### WHAT IS EXPECTED
Among the lines of the listing below, retype exactly those from the one containing "Note that according" through the one containing "Searching for a", both included. Do not include pictures.

### EXTRACTED DATA
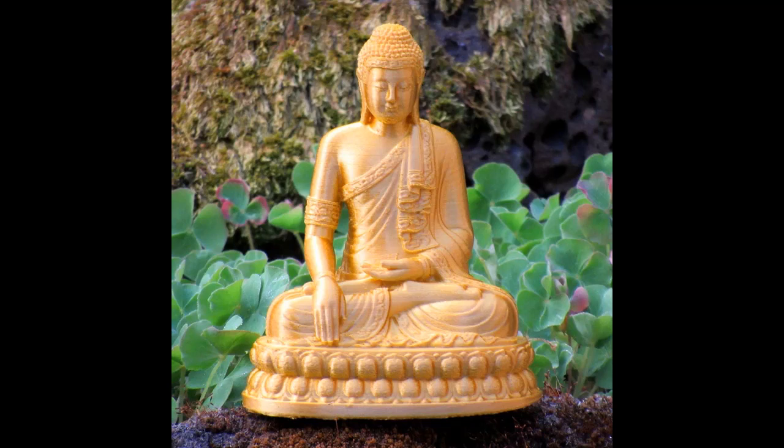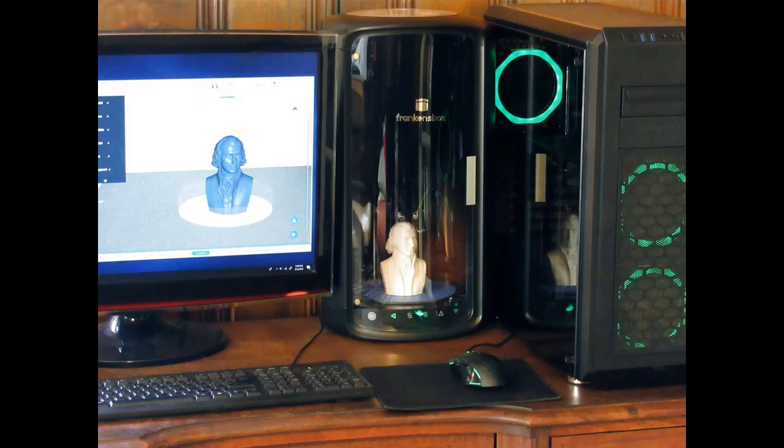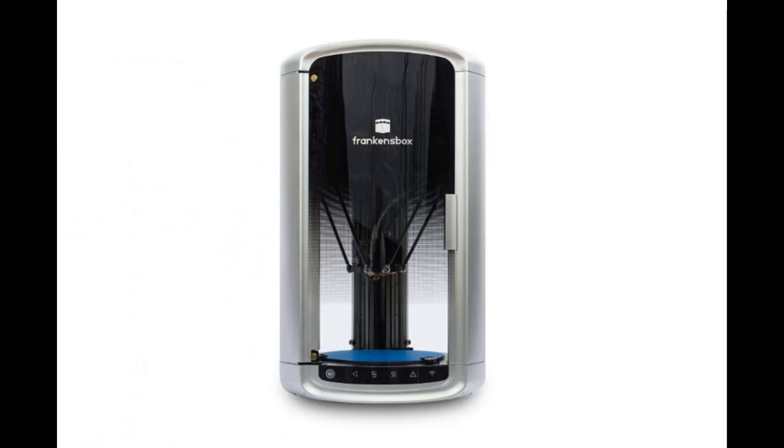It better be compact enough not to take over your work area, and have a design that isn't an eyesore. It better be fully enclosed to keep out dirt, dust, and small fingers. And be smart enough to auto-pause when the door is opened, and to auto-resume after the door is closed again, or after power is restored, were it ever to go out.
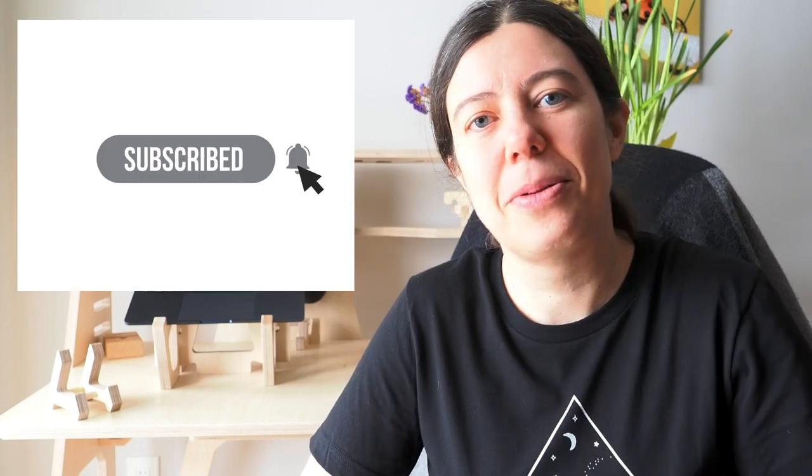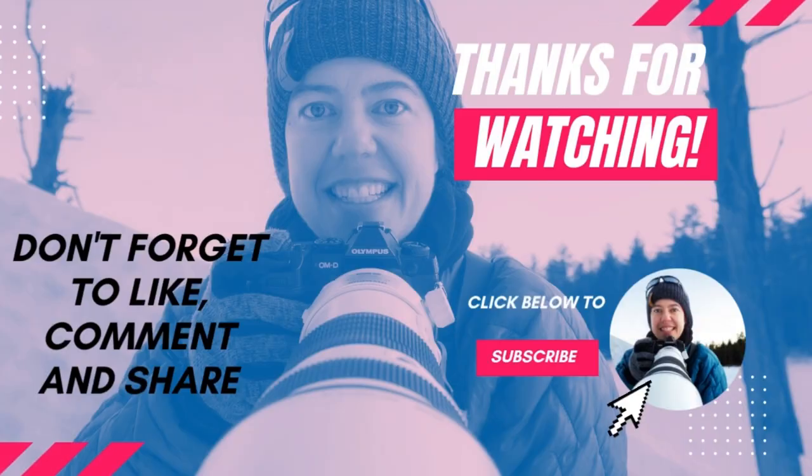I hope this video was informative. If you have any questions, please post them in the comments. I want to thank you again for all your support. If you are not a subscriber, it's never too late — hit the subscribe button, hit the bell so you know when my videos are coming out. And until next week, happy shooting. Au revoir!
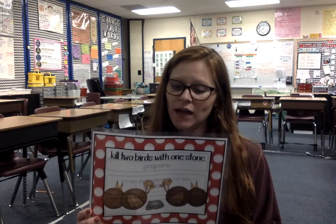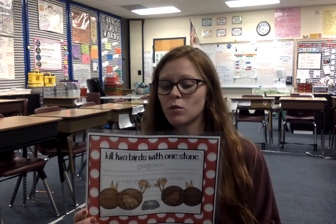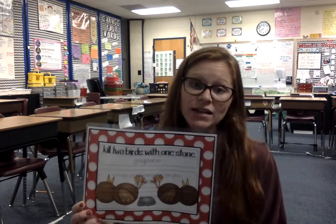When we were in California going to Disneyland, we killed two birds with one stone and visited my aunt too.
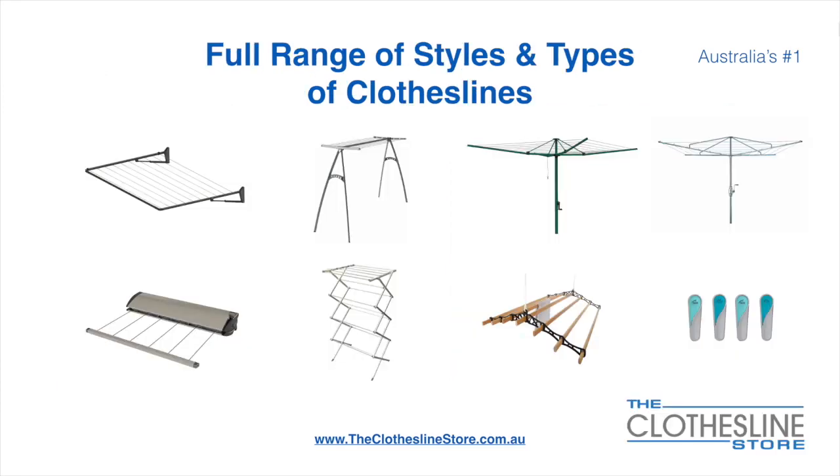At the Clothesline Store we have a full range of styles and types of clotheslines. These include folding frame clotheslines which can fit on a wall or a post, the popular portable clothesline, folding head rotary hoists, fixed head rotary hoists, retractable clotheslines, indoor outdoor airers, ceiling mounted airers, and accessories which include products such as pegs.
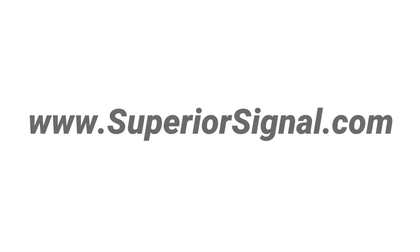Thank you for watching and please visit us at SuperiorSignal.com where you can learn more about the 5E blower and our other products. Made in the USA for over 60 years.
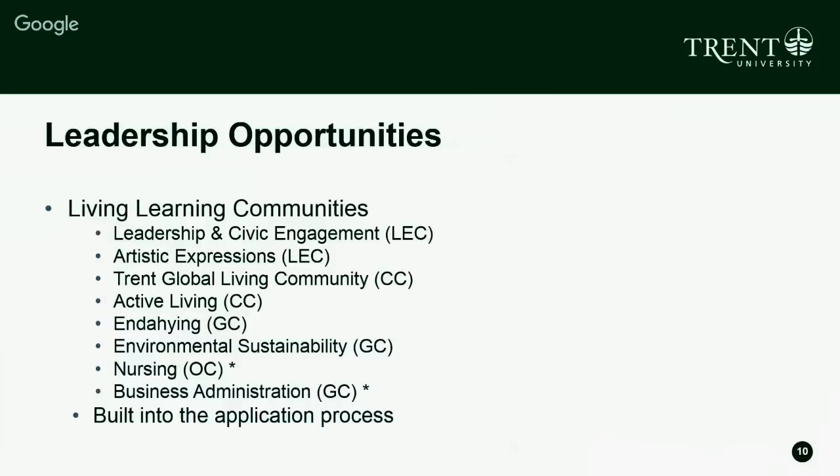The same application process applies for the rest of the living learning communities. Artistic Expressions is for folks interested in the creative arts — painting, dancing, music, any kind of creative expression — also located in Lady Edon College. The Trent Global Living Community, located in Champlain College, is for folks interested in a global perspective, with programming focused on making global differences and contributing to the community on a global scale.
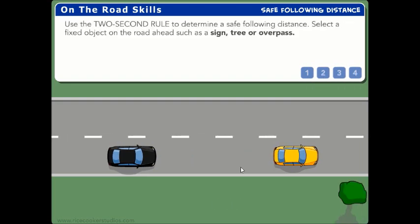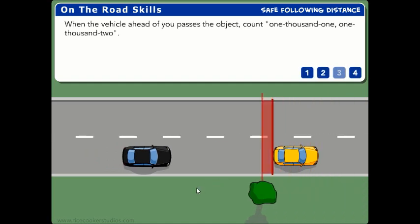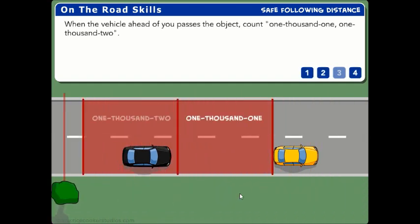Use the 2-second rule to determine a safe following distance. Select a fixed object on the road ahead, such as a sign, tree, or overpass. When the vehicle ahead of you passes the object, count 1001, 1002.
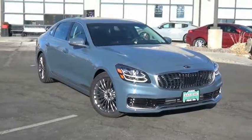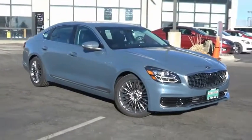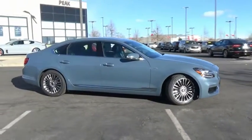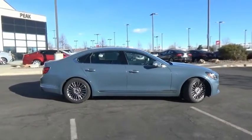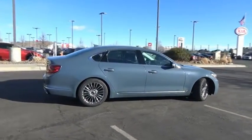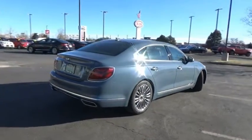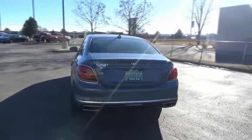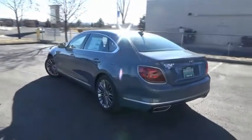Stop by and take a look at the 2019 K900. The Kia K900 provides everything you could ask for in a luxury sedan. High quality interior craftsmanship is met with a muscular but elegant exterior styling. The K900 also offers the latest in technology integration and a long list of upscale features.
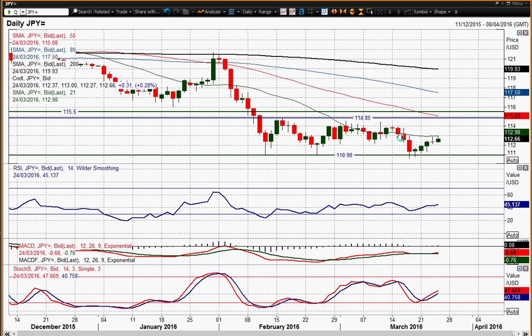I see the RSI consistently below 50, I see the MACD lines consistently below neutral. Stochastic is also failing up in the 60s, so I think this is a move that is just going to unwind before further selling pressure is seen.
---
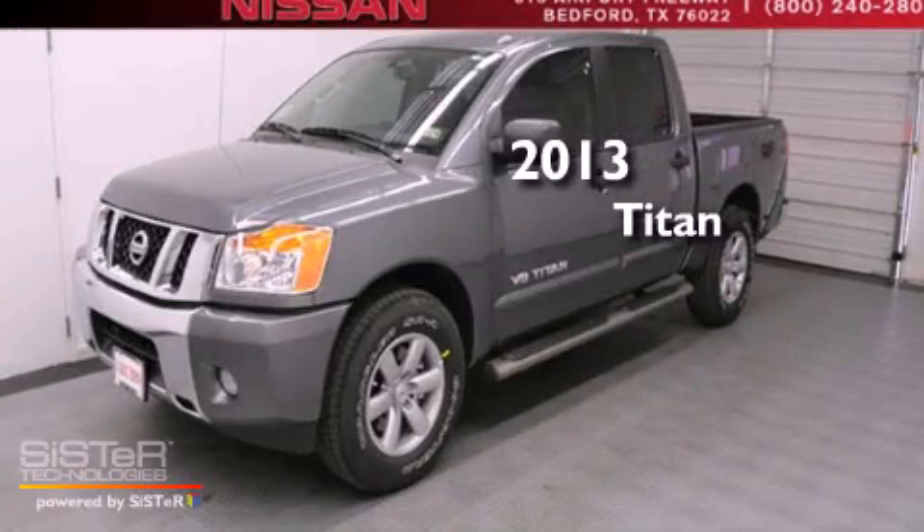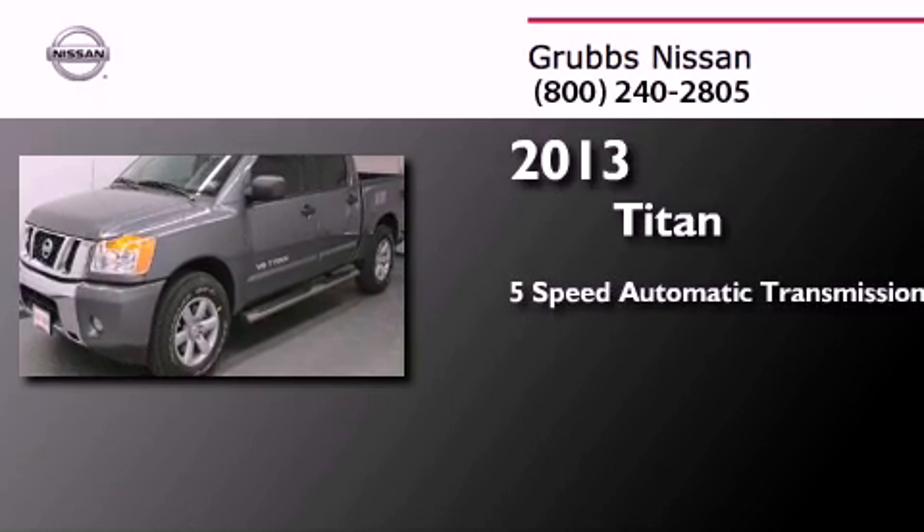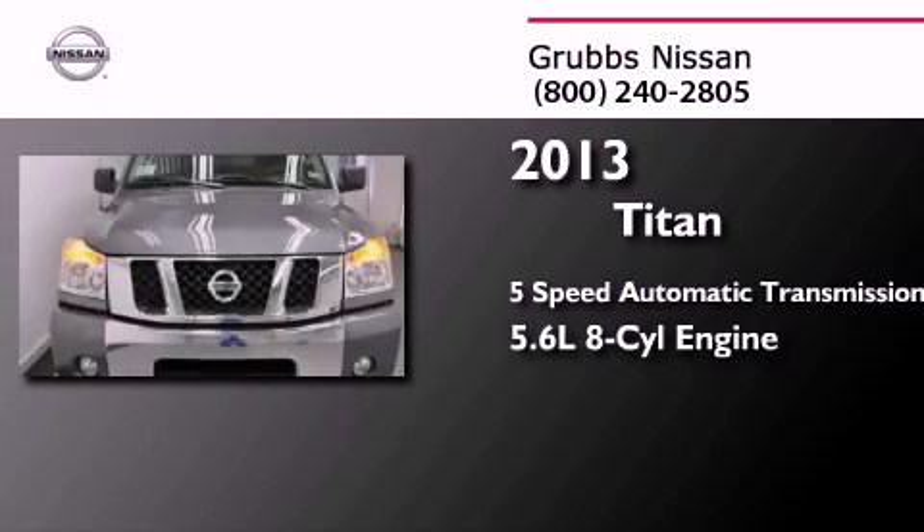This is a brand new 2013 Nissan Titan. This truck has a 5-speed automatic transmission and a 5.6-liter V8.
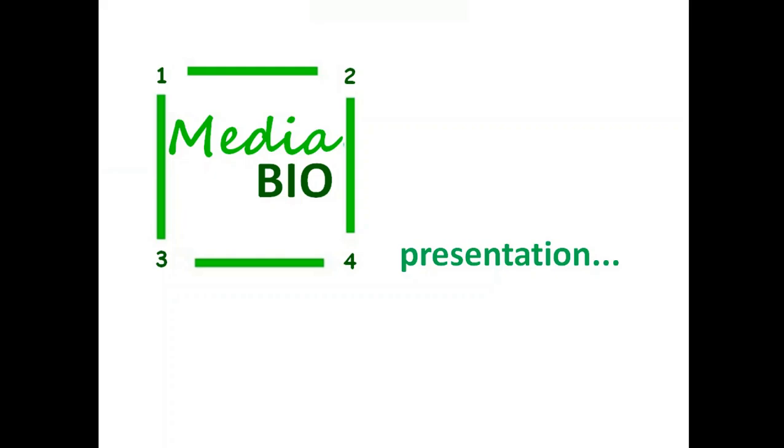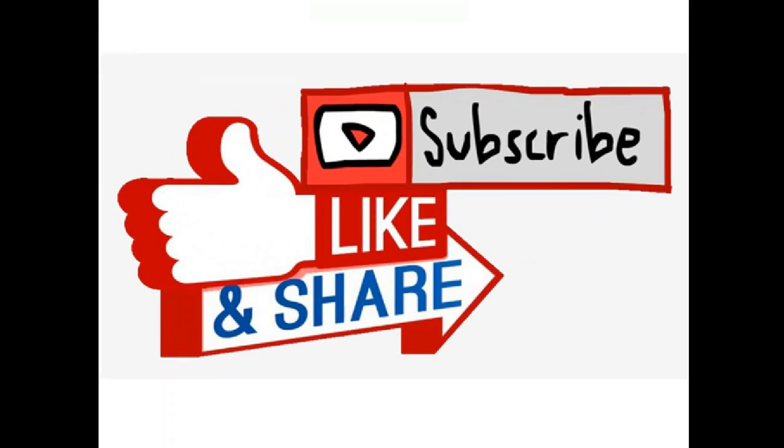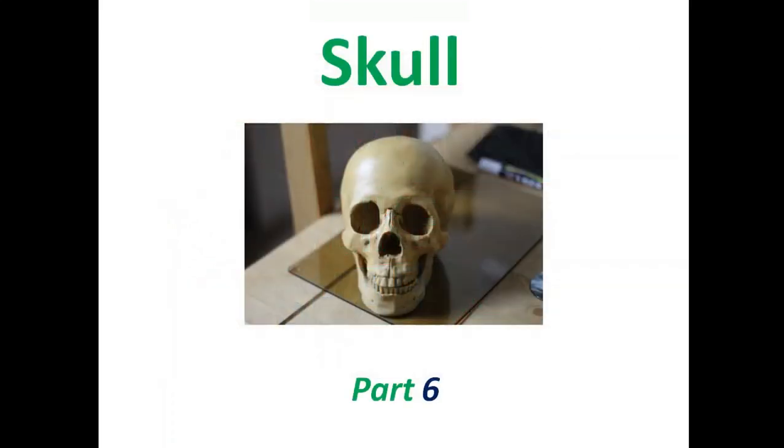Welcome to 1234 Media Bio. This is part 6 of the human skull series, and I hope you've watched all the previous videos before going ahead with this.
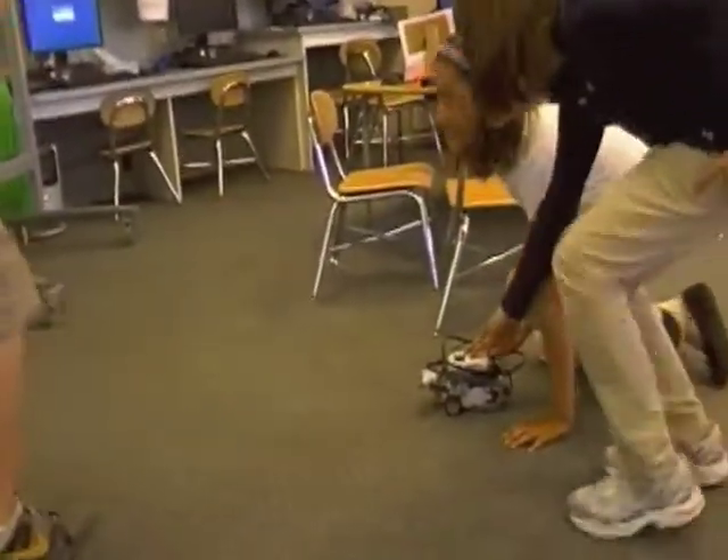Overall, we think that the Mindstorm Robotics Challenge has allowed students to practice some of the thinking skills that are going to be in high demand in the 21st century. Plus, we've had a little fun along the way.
==
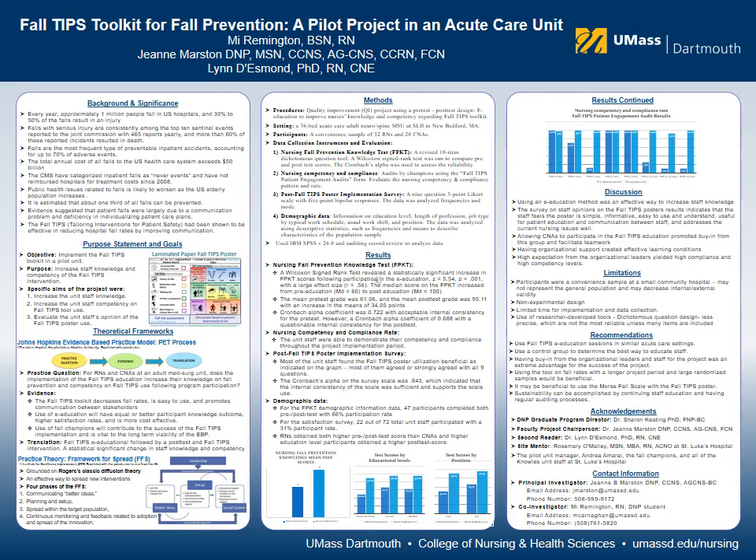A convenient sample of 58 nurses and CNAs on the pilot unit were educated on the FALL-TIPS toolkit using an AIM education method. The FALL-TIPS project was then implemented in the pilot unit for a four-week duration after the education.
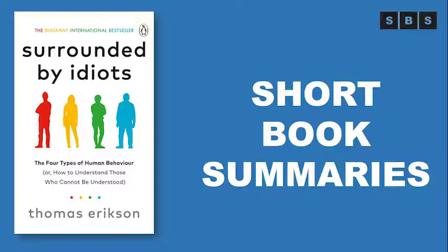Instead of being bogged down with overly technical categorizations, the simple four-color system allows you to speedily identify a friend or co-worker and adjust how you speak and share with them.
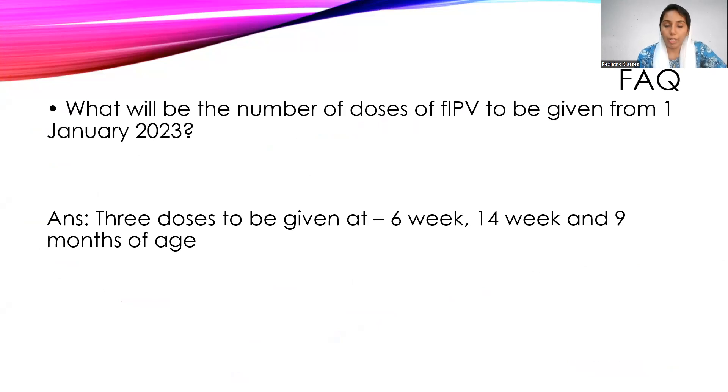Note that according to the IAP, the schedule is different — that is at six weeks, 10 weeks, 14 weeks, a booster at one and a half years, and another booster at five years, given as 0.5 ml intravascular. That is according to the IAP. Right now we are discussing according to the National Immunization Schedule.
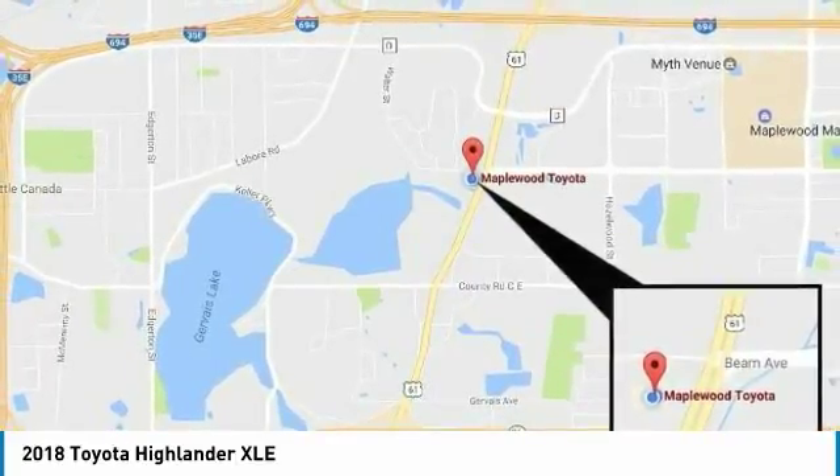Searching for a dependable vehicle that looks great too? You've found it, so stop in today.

### SOLUTION TO THE EXERCISE
Note that according to the IAP, the schedule is different — that is at six weeks, 10 weeks, 14 weeks, a booster at one and a half years, and another booster at five years, given as 0.5 ml intravascular. That is according to the IAP. Right now we are discussing according to the National Immunization Schedule.
Searching for a dependable vehicle that looks great too? You've found it, so stop in today.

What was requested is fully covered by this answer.